▶ _DATA UNDER STUDY_:
[Start of section]
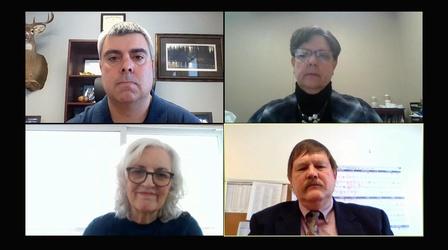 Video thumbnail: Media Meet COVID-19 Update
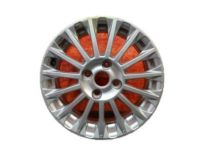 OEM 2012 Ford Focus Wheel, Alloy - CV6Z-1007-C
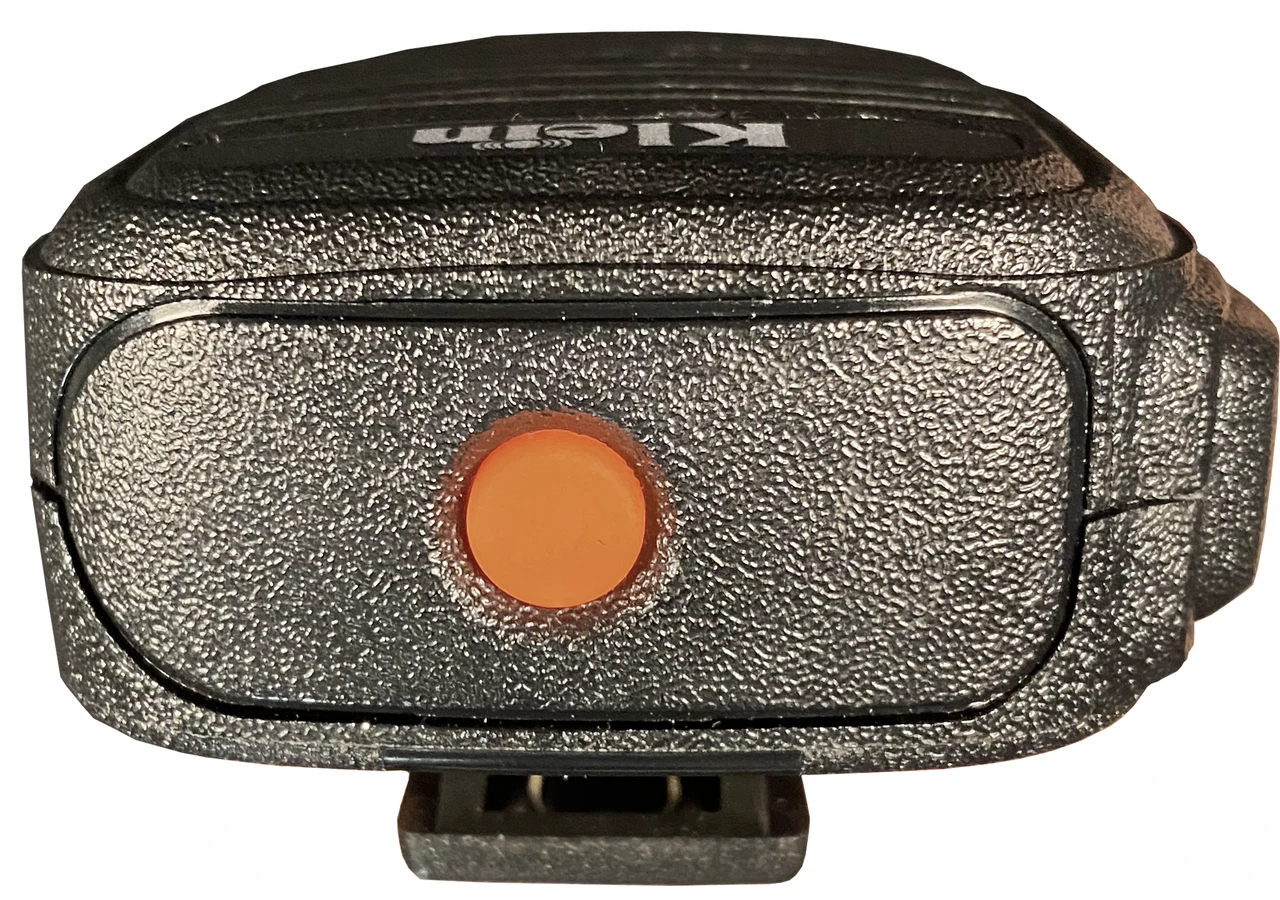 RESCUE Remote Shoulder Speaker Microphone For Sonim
[End of section]
[Start of section]
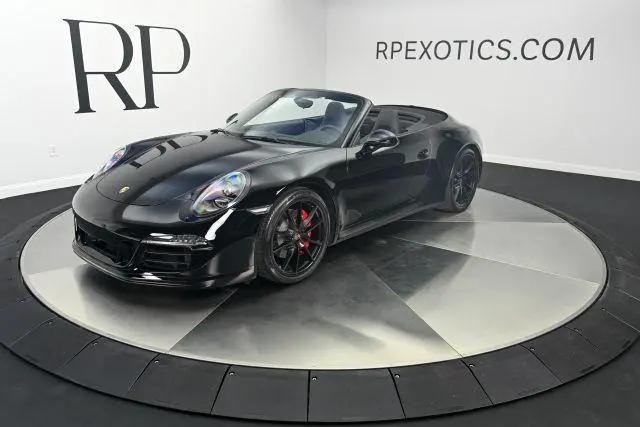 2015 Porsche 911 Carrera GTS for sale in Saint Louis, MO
[End of section]
[Start of section]
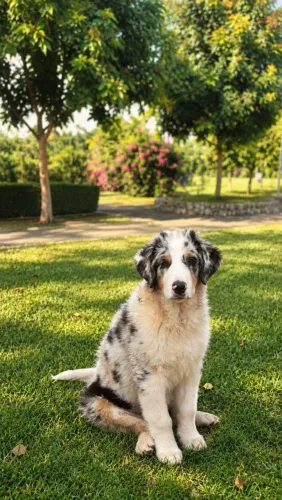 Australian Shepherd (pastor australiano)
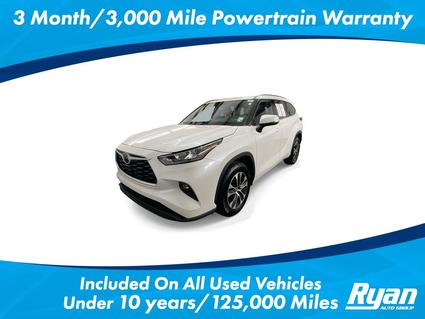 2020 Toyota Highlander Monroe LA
[End of section]
▶ _DESCRIPTION OF THE TASK_: Using the entries above, reproduce word for word only the lines from the one that contains "Video thumbnail: Media Meet COVID-19 Update" to the one that contains "RESCUE Remote Shoulder", both ends included, and drop every picture.

▶ _RESPONSE TO THIS EXERCISE_:
 Video thumbnail: Media Meet COVID-19 Update
 OEM 2012 Ford Focus Wheel, Alloy - CV6Z-1007-C
 RESCUE Remote Shoulder Speaker Microphone For Sonim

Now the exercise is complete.